The aim of the antisense approach is to exploit the high affinity and selectivity of nucleic acid hybridization for the development of highly specific drugs. Viral genomes contain numerous unique nucleic acid sequences not present in the human genome that have the potential to act as a virus-specific antisense target. Several groups have identified antisense oligonucleotides that inhibit the translation of HCV RNA in cell-free systems and cell culture models.[86][87] Among them, ISIS 14803, a 20-nucleotide antisense oligodeoxynucleotide that is complementary to the IRES region surrounding the translation initiation codon has entered clinical development. ISIS 14803 decreases HCV RNA and protein levels in various in vitro and in vivo models. The HCV RNA decrease was shown to occur through RNase H cleavage of the RNA in oligonucleotide-RNA heteroduplexed regions, and potentiated the antiviral effect related to inhibition of polyprotein translation. Two clinical studies of ISIS 14803 monotherapy have been conducted.[88][89] Reductions in plasma HCV RNA levels have been observed in 3 of 10 patients treated at 2 mg/kg (-1.3 to -2.2 log10) and in 6 of 20 patients dosed twice weekly at 6 mg/kg (-1.0 to -3.8 log10). Transient asymptomatic alanine aminotransferase (ALT) flares, up to 30 times, were observed in temporal association with plasma HCV RNA reductions and in other patients with no HCV RNA reductions.[88][89] The mechanism by which HCV RNA reductions occurred is unclear (communication by T.J. Kwoh, Carlsbad, CA).
Ribozymes, another nucleic acid-based strategy, are catalytic RNA molecules that cleave specific RNA sequences. They contain a catalytic core region flanked by binding arms with specific nucleotide sequences determined by the complementary base sequence of the target RNA. Heptazyme is a synthetic, stabilized 33-mer ribozyme that is chemically modified for resistance to enzymatic and chemical degradation. This first-generation ribozyme product was developed to treat chronic hepatitis C. Preclinical results indicated that Heptazyme selectively cuts hepatitis C RNA, significantly inhibiting viral replication in cell culture.[90] Phase II results indicated that Heptazyme as monotherapy led to a reduction in serum HCV RNA levels in 10% of patients. The development of Heptazyme has been halted in favor of developing a next-generation product with an improved therapeutic index. This strategy capitalizes on recent technological advances resulting in improved stability and targeting of ribozymes to specific tissues (communication by N. Usman, Boulder, CO).
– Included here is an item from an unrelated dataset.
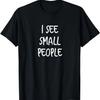 I See Small People - Funny Tall People Gift For Tall Person T-Shirt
A related and new potential class of therapeutics makes use of RNA interference (RNAi), a recently discovered process whereby cells down-regulate gene expression through destruction of a specifically targeted mRNA.[91] The RNAi process is mediated inside the cell by a naturally occurring protein complex that uses double-stranded RNA as a molecular guide to down-regulate genes at the posttranslational level. Rational design of double-stranded RNA permits the down-regulation of virtually any gene. In human cells, these double-stranded RNAs, known as silencing RNAs (siRNAs), show biological activity as short fragments of 20-23 residues. Stabilized siRNA compounds are currently being evaluated in the preclinical setting for their potential activity against HCV (communication by N. Usman).
p7 Inhibitors.
Long-alkyl-chain iminosugar derivatives, which are known to have antiviral activity against bovine viral diarrhea virus (BVDV),[92] were recently shown to inhibit HCV p7 ion channels,[93] suggesting these compounds with low toxicity profiles in animals might be used in the treatment of chronic hepatitis C. One such compound is currently in a phase II clinical trial.
HCV Protease Inhibitors.
The search for inhibitors of the NS2/NS3 cleavage reaction has been hampered by the hydrophobic nature of the protein and by the autocatalytic nature of the cleavage. In contrast, a number of peptide-based or peptidomimetic inhibitors have been developed for the NS3 serine protease and tested in vitro. Most of these inhibitors fall in one of three classes: (1) substrate analogues, (2) serine-trap inhibitors (or transition-state analogues), and (3) product analogues. In addition, efforts to discover nonpeptide inhibitors have also been made.[94] Optimization of an N-terminal hexapeptide cleavage product of a dodecapeptide substrate led to the discovery of BILN 2061, a small, selective, and potent inhibitor of the NS3 serine protease.[95] Inhibitor constant values of 0.30 mmol/L and 0.66 mmol/L with a noncovalent, competitive mode of inhibition were obtained for genotypes 1a and 1b, respectively. BILN 2061 was shown to retain its inhibitory efficacy in human cells and showed low nanomolar inhibition of HCV RNA replication through blockade of the NS3 protease-dependent polyprotein processing in the replicon system. BILN 2061 was administered for 48 hours in HCV-infected patients in early clinical development studies. Administration resulted in a rapid, dose-dependent HCV RNA decrease up to -4 log10 within 2 days at the highest doses, with a progressive return to baseline levels within a week after treatment withdrawal[96][97] (communication by D. Lamarre, Laval, Québec, Canada). Another NS3 serine protease inhibitor, VX-950, will soon enter clinical development.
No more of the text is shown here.